Though I have always considered backwardation in gold and silver a theoretical possibility, I never thought it would happen in practice. Backwardation would mean that conditions are so stressed that buyers would be willing to pay more for metal at the spot price than a future price. It would mean, among other things, that the future markets have been discredited and buyers want the "real thing" and not someone's promise -- as the old saying goes, "a bird in hand is worth two in the bush," which is becoming an increasingly important strategy to avoid counterparty risk.

I suppose that one could reasonably argue that a backwardation of sorts is already occurring. The shortage of fabricated product has led to extraordinarily high premiums for coins and small bars. These high premiums for coins and small bars indicate that the spot price for the precious metals should be much higher.

The gold cartel can allow the shortage of fabricated product to happen and just simply make up excuses for it. Right now there is no doubt in my mind that they are instructing the U.S. Mint and other mints to blame the shortages on high demand. But the gold cartel cannot make excuses if shortages appear in the LBMA market. If they did, the game would be over, just like what happened in March 1968.

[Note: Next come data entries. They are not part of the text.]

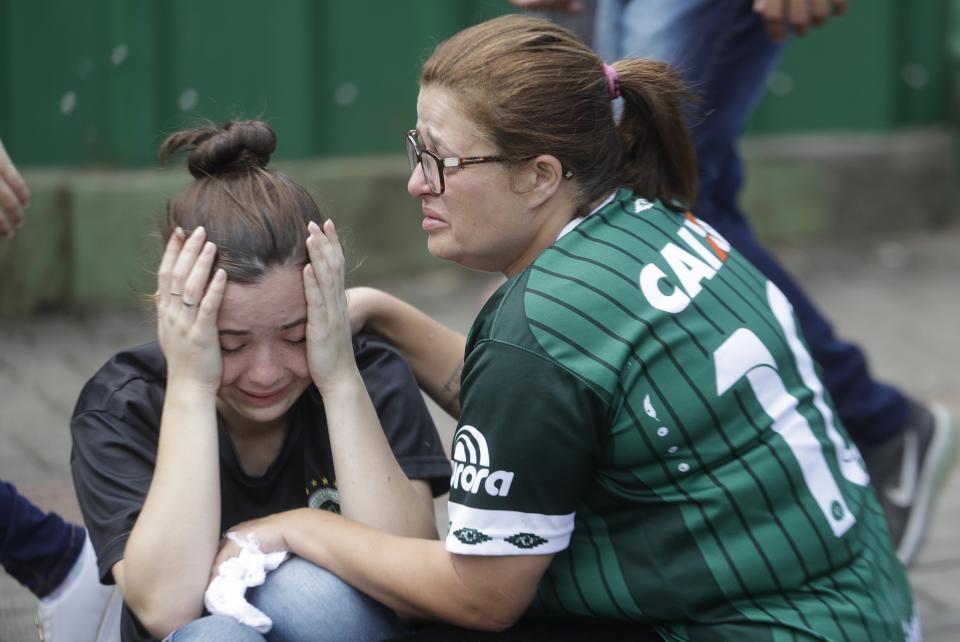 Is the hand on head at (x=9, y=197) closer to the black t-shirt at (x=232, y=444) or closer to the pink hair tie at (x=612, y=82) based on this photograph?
the black t-shirt at (x=232, y=444)

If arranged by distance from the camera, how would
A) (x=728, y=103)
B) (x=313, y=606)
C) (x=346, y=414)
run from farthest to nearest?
(x=728, y=103) → (x=346, y=414) → (x=313, y=606)

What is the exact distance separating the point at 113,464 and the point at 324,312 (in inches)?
16.3

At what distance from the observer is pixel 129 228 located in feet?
16.2

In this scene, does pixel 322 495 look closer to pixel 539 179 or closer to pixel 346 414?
pixel 346 414

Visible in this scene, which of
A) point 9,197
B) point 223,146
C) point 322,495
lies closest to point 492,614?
point 322,495

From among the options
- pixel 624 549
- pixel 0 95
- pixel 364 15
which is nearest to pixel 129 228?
pixel 0 95

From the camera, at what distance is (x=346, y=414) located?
7.22ft

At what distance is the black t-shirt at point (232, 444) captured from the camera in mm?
2211

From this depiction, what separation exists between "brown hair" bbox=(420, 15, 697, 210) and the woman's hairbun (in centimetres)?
33

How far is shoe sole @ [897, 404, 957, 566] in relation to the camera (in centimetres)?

To keep the price low back then, central banks were supplying metal in the London and Zurich markets. When they stopped supplying metal that month, the result was the two-tiered gold price. The so-called "official price" (which is another way of saying the "gold cartel price") remained at $35, while the free-market price traded above that level because everyone recognized that $35 were worth less than 1 ounce of gold. The same thing is happening today, in that $900 are not worth 1 ounce of gold. So we are probably close to the point (probably just weeks away) when the gold cartel stops supplying metal in London and Zurich at these low prices. The question is: What comes next?

It is of course impossible to predict what the gold cartel has up its sleeve, but I sense that a big announcement by governments is coming soon. It is reasonable to expect an outcome like March 1968, in which case the free-market price of gold will soar.

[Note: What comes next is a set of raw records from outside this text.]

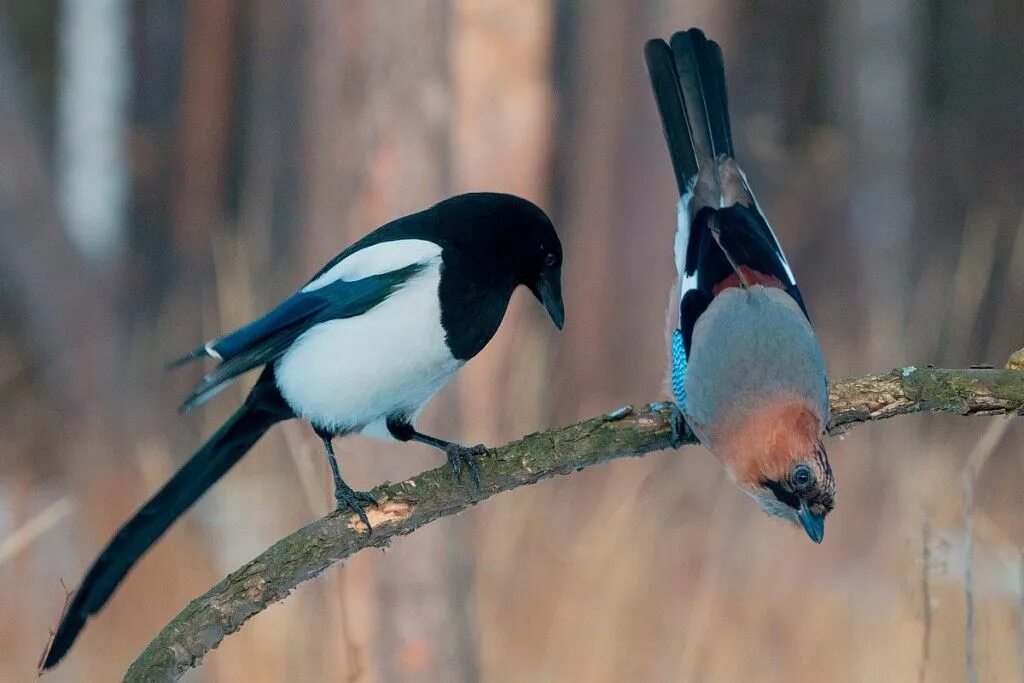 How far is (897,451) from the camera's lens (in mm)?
3973

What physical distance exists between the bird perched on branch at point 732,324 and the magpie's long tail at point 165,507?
68 cm

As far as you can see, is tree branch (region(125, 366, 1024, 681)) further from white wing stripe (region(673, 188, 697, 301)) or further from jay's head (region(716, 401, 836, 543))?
white wing stripe (region(673, 188, 697, 301))

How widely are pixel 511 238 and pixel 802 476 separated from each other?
530 millimetres

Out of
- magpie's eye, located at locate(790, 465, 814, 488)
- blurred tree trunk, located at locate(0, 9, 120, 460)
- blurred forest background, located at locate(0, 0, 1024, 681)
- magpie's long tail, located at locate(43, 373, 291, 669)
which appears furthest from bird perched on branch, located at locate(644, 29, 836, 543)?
blurred tree trunk, located at locate(0, 9, 120, 460)

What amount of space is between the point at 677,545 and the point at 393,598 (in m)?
1.74

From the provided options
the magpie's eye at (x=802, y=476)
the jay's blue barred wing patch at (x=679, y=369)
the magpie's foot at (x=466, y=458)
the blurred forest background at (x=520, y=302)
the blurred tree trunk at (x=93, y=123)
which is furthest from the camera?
the blurred tree trunk at (x=93, y=123)

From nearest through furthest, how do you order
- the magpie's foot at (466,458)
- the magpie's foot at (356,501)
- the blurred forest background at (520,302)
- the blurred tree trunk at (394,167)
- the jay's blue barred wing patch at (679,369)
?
the magpie's foot at (356,501) → the magpie's foot at (466,458) → the jay's blue barred wing patch at (679,369) → the blurred tree trunk at (394,167) → the blurred forest background at (520,302)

Here's the important part for GoldMoney customers. They are purchasing metal based on the spot price in London and Zurich for both gold and silver. Thus they are able to buy metal without the huge premiums now being charged on eBay, for example, for fabricated product like coins and small bars. Using my Fear Index and other valuation models, I would argue that buying gold in London and Zurich today is like buying it back in February 1968 when it was still $35 and before the collapse of the London gold pool the following month.

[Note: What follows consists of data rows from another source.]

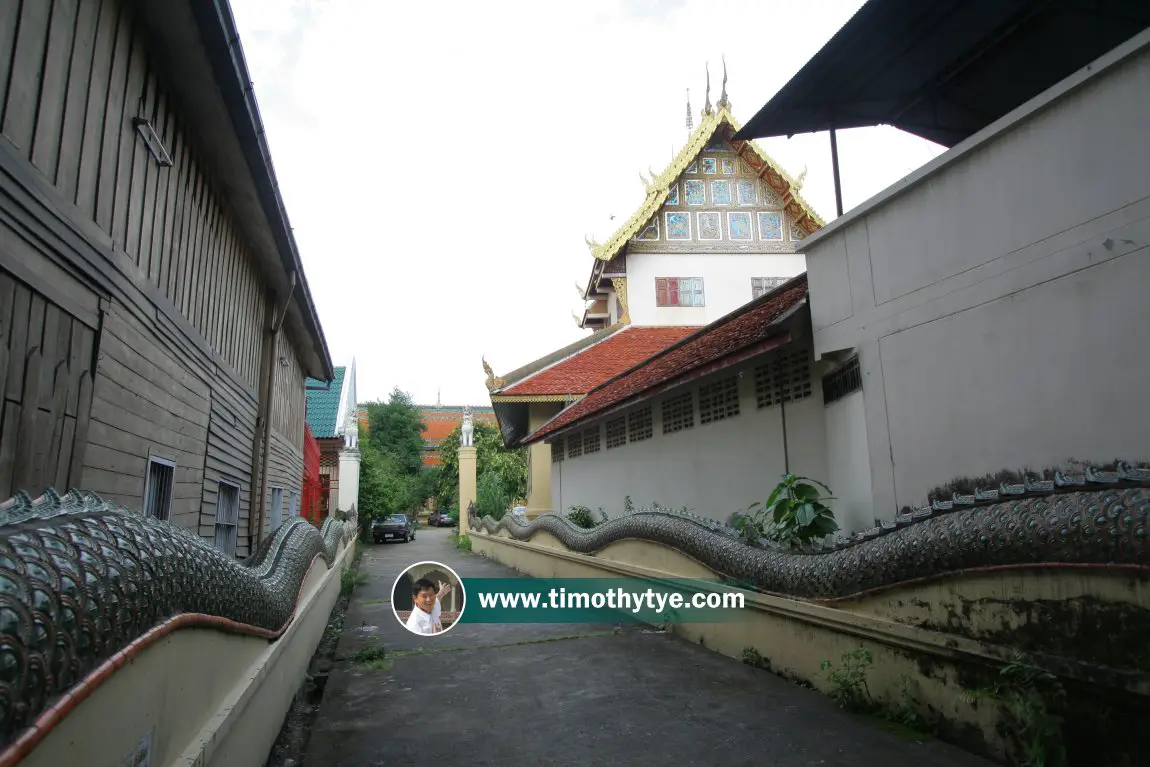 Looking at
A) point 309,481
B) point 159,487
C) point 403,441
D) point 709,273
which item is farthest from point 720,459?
point 403,441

There has been no change in my strategy, which I have been stating for years. I continue to recommend the ongoing accumulation of the precious metals. They remain undervalued.

I believe that there was an important change in sentiment this past week. Up until now gold was being liquidated along with most everything else. Gold is now rising (despite the gold cartel's best efforts to keep it capped) while most everything else is still being liquidated as the deleveraging digs deeper. That gold is now rising indicates that people who have managed to get liquid in recent weeks are now focusing on safety for their money. Consequently they are buying gold, and I expect this trend to continue.

Lastly, gold again probed overhead resistance today at the $920 level, but the gold cartel is obviously "circling the wagons" at that level. Plus, as I write, we are getting the usual late-Friday "bombing" in the paper markets. It reminds me of what happened at $325, $340, $430, $500, and $700. Of course all those levels were taken out eventually, and I expect $920 to be exceeded too. It may not happen today or even this month. But I'm sticking with my year-end forecast of $1,100-$1,200 for gold, which looks reasonable to me given the rush out of financial assets and the search for a safe haven. Gold is of course the safest haven of them all. Silver is more volatile, but it's safe too for the same reason -- physical gold and silver do not have counterparty risk.